Pada dasarnya, institusi ini berniat untuk membantu orangtua dan individu-individu yang bergerak di bidang pendidikan anak. AAP mengimbau sekaligus mengarahkan agar anak mereka tidak menjadi korban ketagihan teknologi.
Selain itu, AAP juga menegaskan pentingnya bagi para orangtua memperhatikan jenis tayangan lewat konten yang ditawarkan. Dewasa ini, semakin banyak anak yang sudah mengenal kekerasan atau seksualitas sejak usia dini lantaran tontonan mereka jarang dikendalikan oleh orangtua.
Fakta ironis
Sayangnya, di era modern di mana teknologi sudah mulai berkembang dan hadir dalam bentuk lainnya, pengarahan AAP seolah tidak ada maknanya lagi.
Ini berarti orangtua harus lebih banyak berperan dalam mendidik anak agar terhindar dari potensi kecanduan teknologi. Larang anak membawa handphone ke sekolah, libatkan dirinya dalam aktivitas kesenian atau olahraga sepulang sekolah, terapkan peraturan tidur siang agar tak ada waktu gunakan teknologi, daftarkan anak les di luar sekolah untuk menambah teman baru, kendalikan konten yang ia bisa tonton di televisi atau pun di perangkat teknologi lainnya, kontrol penggunaan pulsa handphone-nya, matikan listrik agar dirinya tidak bisa menonton televisi atau menggunakan wifi saat menolak untuk belajar dan lebih sering ajak anak berdiskusi atau main yang membutuhkan gerakan seluruh tubuh.
Hal-hal tersebut merupakan langkah penting untuk bantu cegah anak dari potensi kecanduan teknologi. Tentunya tidak sedikit jumlah orangtua yang sudah berupaya melakukan sebagian besar hal yang telah dijabarkan itu.
Namun, terkadang upaya tersebut sia-sia seiring dengan perkembangan zaman. Otak anak pun turut berkembang dan semakin bisa mengakali hal-hal tersebut guna mendapatkan keinginan mereka.
Oleh karena itu, sudah saatnya orangtua beralih ke solusi lainnya, yaitu memancing kesadaran diri anak. Kedua orangtua harus memperkenalkan anak pada konsep kesadaran diri yang mana termasuk penjelasan seputar dampak buruk penggunaan teknologi melampaui batas terhadap kesehatan fisik dan psikisnya dan pengaruhnya terhadap manajemen waktu dalam keseharian mereka.
Sering kali orangtua hanya mengandalkan instruksi pelarangan menonton televisi atau penggunaan teknologi untuk membuat anaknya berhenti. Instruksi dan amarah bukan cara efektif untuk menghentikan mereka.
Namun, penjelasan lebih lanjut atau alasan jelas di balik pelarangan itu akan membuat sang anak setidaknya berpikir.

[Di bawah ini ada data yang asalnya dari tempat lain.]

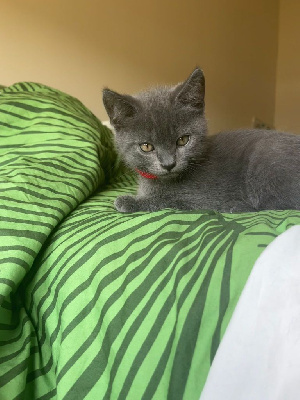 A vendre magnifiques Chartreux Chartreux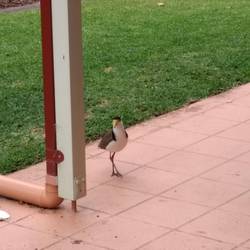 Plover (Masked Lapwing)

Kerugian yang orangtua jelaskan seputar penggunaan teknologi berlebihan mungkin membuat sang anak berpikir dua kali untuk meneruskan pola penggunaan yang buruk.
Selain itu, penjelasan yang tiada henti dilontarkan akan membantu mereka menyadari pentingnya keterampilan menyeimbangkan hidup.